Defense Secretary Leon E. Panetta said that weapons supplied by Iran were behind a rash of attacks against American forces in Iraq, part of an escalating campaign of violence ahead of the planned U.S. troop withdrawal. He added, "We're seeing more of those weapons going in from Iran, and they've really hurt us."

Secretary Panetta later said that U.S. will not "walk away" from the challenge of Iran's stepped-up arming of Iraqi insurgents who are targeting and killing American troops as they prepare to leave Iraq.

The increasingly violent influence of the Iranian regime is nothing new. The Iranian regime is responsible for over two thirds of attacks against U.S. forces in Iraq. So, what is the United States going to do about it? "No one should miscalculate America's resolve and commitment to helping support the Iraqi democracy," Secretary of State Hillary Clinton said on NBC's Meet the Press. "We have paid too high a price to give the Iraqis this chance."

She reiterated on Sunday October 23 that no one, in particular Iraq's neighbor Iran, should doubt the American commitment to Iraq.
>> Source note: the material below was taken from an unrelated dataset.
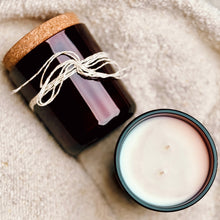 Load image into Gallery viewer, Pumpkin Cream & Warm Clove - NEW!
The question is, how? How is the United States going to counter the Iranian threat in Iraq after it leaves, when it couldn't accomplish that objective when tens of thousands of U.S. soldiers were in Iraq?

Nor is it clear how it plans to ensure the protection of the 3,400 unarmed Iranian dissidents residing in Camp Ashraf, Iraq. Without question, the safety and security of these men, women and children are the responsibility of the United States, which gave a written commitment to each and every one of them that it would protect them until their final disposition. This responsibility is only underscored by Tehran's insistence that Camp Ashraf residents, many of whom are former political prisoners who escaped the country, be killed and their refuge, Camp Ashraf, be destroyed.

A large group of Members of Congress, from both parties and both the House and Senate, want the full time presence of United Nations Assistance Mission for Iraq in Camp Ashraf. They want the United States to use its leverage to convince the Security Council of the United Nations and the United Nations High Commissioner for Refugees (UNHCR) to declare Ashraf a refugee camp. After they hoist the UNHCR flag there, they must begin in earnest to interview the residents, who are declared "asylum seekers," by the UNHCR and relocate all to Europe and the United States before Maliki can do Tehran's bidding and commit another massacre.

As for the larger question of how to counter the dreadful implications of Iran's growing sway in Iraq in general, the United States should not have allowed, in the first place, the Iranian regime the opportunity to sway the outcome of the previous elections. Tehran managed to get Nuri al-Maliki -- who lost the elections to the coalition led by the secular former Prime Minister Ayad Allawi -- to reemerge as the Prime Minister. As though that has not been enough, Maliki continues to be the acting Defense Minister, Interior Minister, and the Minister of State for National Security.

Unless Allawi and his coalition are allowed to play the meaningful role they were promised, Iraq will continue to be a government of "lie and deception," according to Allawi, and will further fall under the control of the clerical rulers of Iran. But one thing is clear -- America must act now.